## [Supplied data]
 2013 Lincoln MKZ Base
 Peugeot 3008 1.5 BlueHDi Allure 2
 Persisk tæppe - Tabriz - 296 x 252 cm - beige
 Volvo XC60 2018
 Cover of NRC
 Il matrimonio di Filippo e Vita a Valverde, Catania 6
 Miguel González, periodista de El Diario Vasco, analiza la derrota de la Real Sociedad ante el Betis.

--

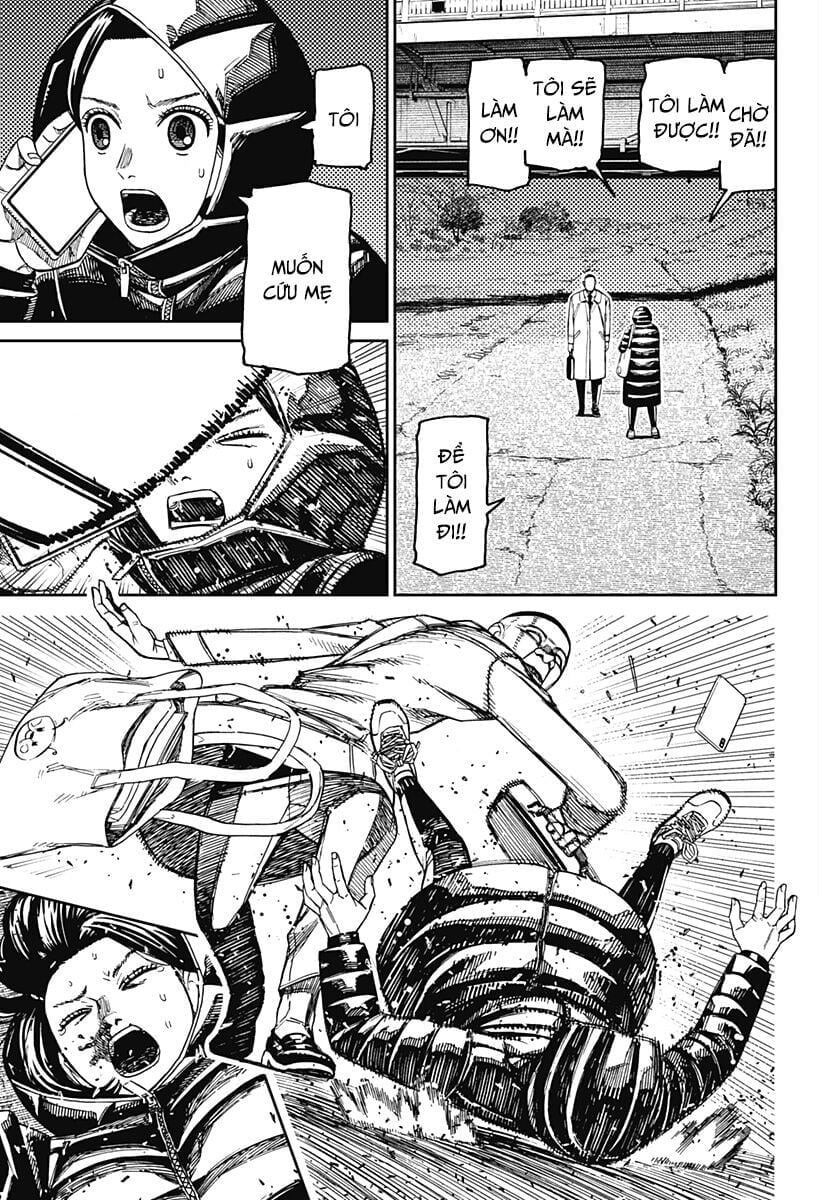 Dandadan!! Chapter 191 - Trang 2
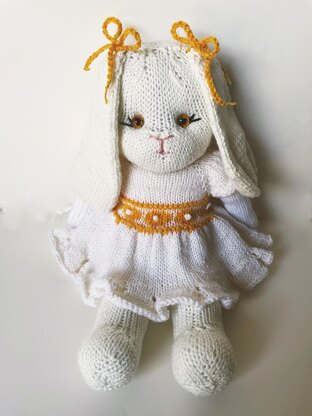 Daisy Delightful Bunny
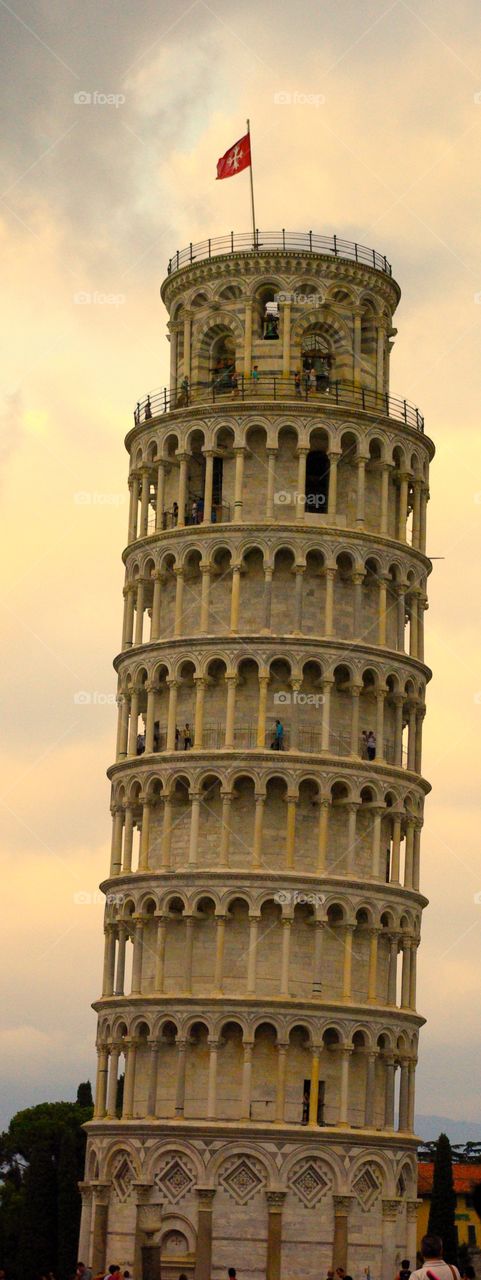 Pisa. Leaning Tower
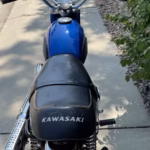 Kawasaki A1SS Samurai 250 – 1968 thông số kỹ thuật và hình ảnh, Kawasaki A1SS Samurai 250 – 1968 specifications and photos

==

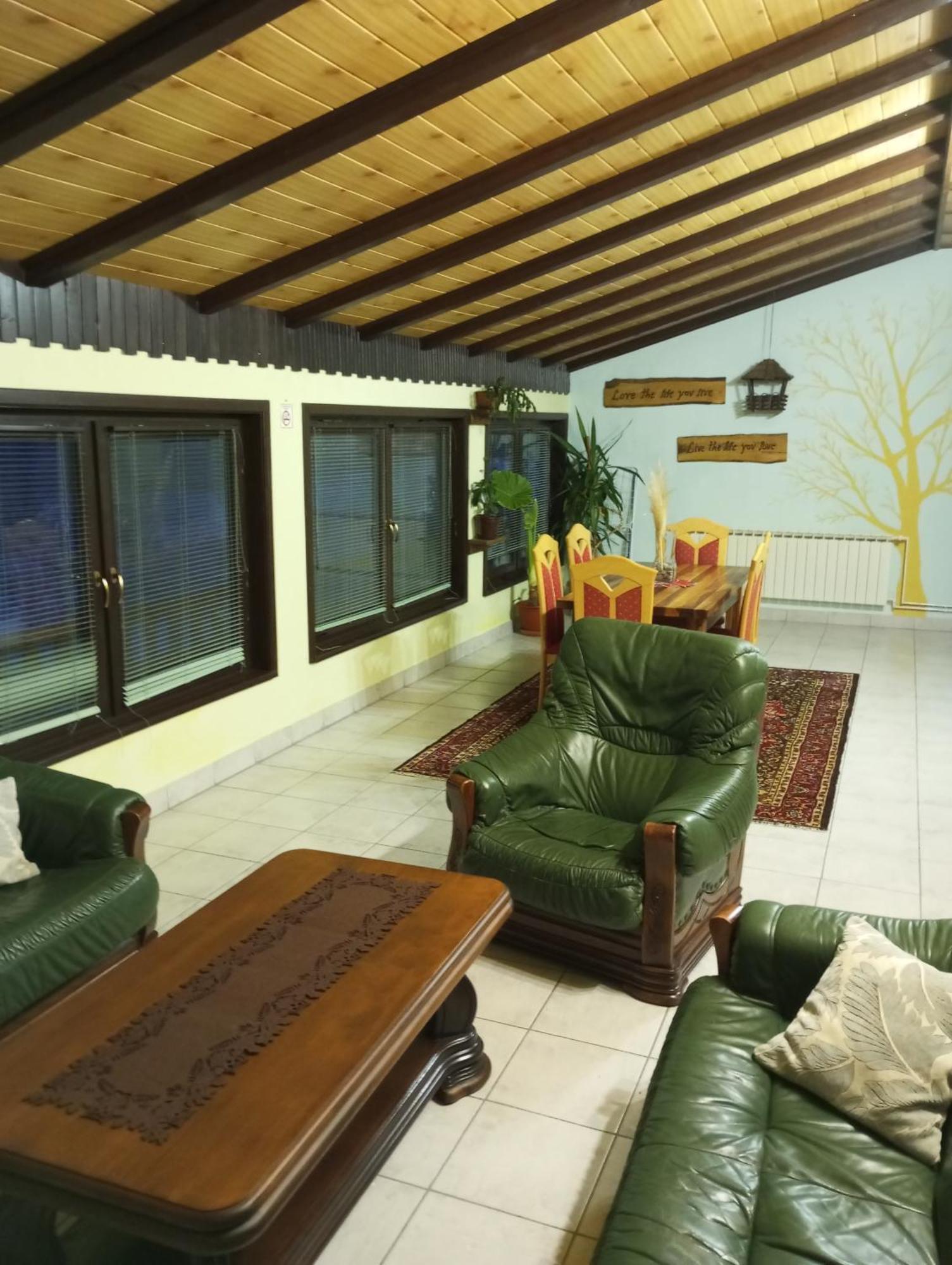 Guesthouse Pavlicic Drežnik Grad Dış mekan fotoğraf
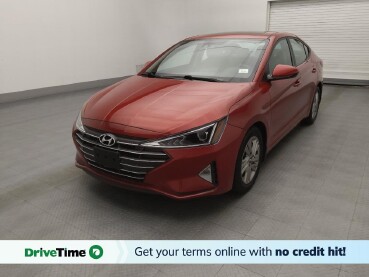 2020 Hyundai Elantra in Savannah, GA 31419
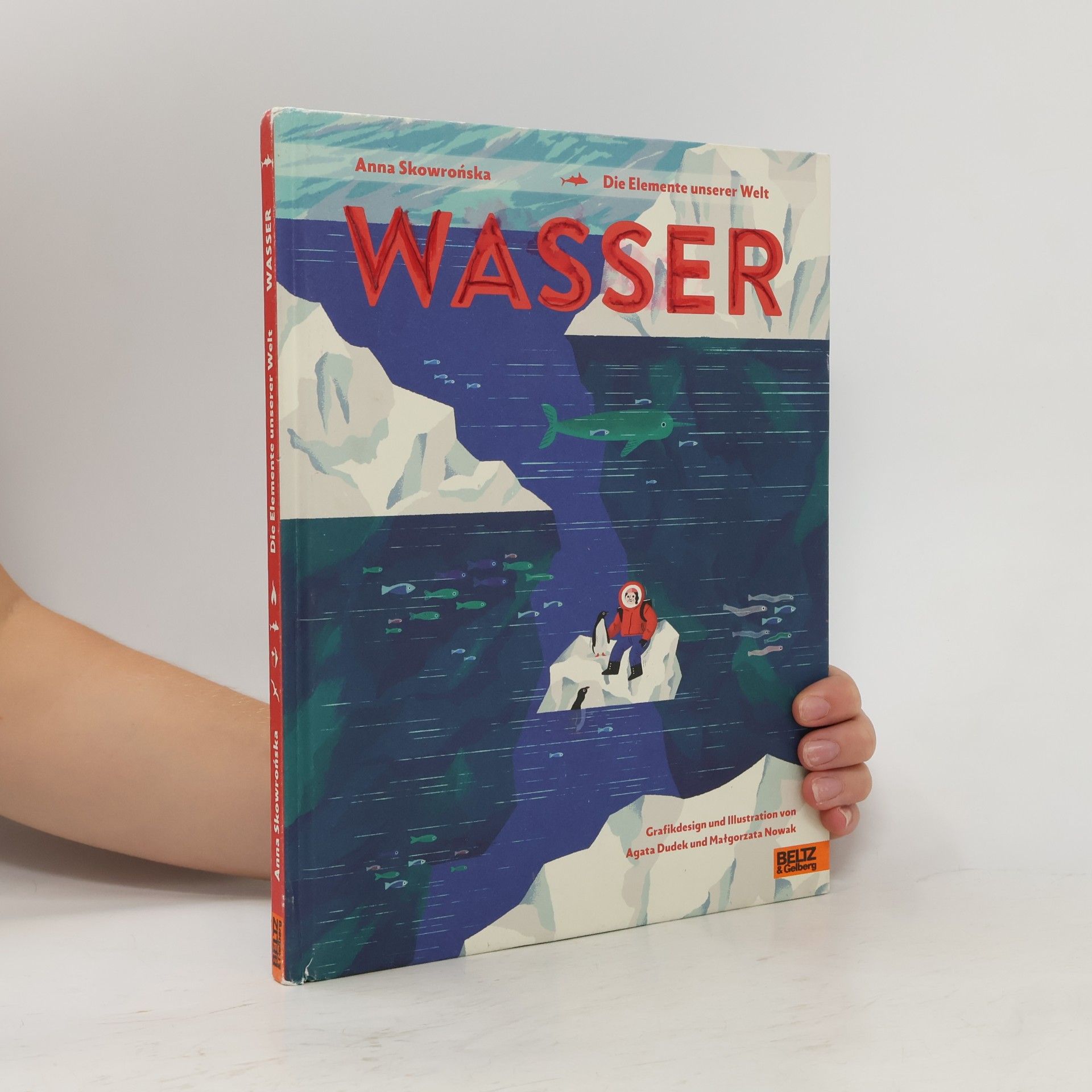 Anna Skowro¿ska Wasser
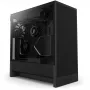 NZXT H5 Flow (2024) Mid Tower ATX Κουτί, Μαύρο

## [What you have to do]
Find the line with "2013 Lincoln MKZ Base" in the material above. Reproduce it and each line after it up to and including the line with "Il matrimonio di".

## [Result]
 2013 Lincoln MKZ Base
 Peugeot 3008 1.5 BlueHDi Allure 2
 Persisk tæppe - Tabriz - 296 x 252 cm - beige
 Volvo XC60 2018
 Cover of NRC
 Il matrimonio di Filippo e Vita a Valverde, Catania 6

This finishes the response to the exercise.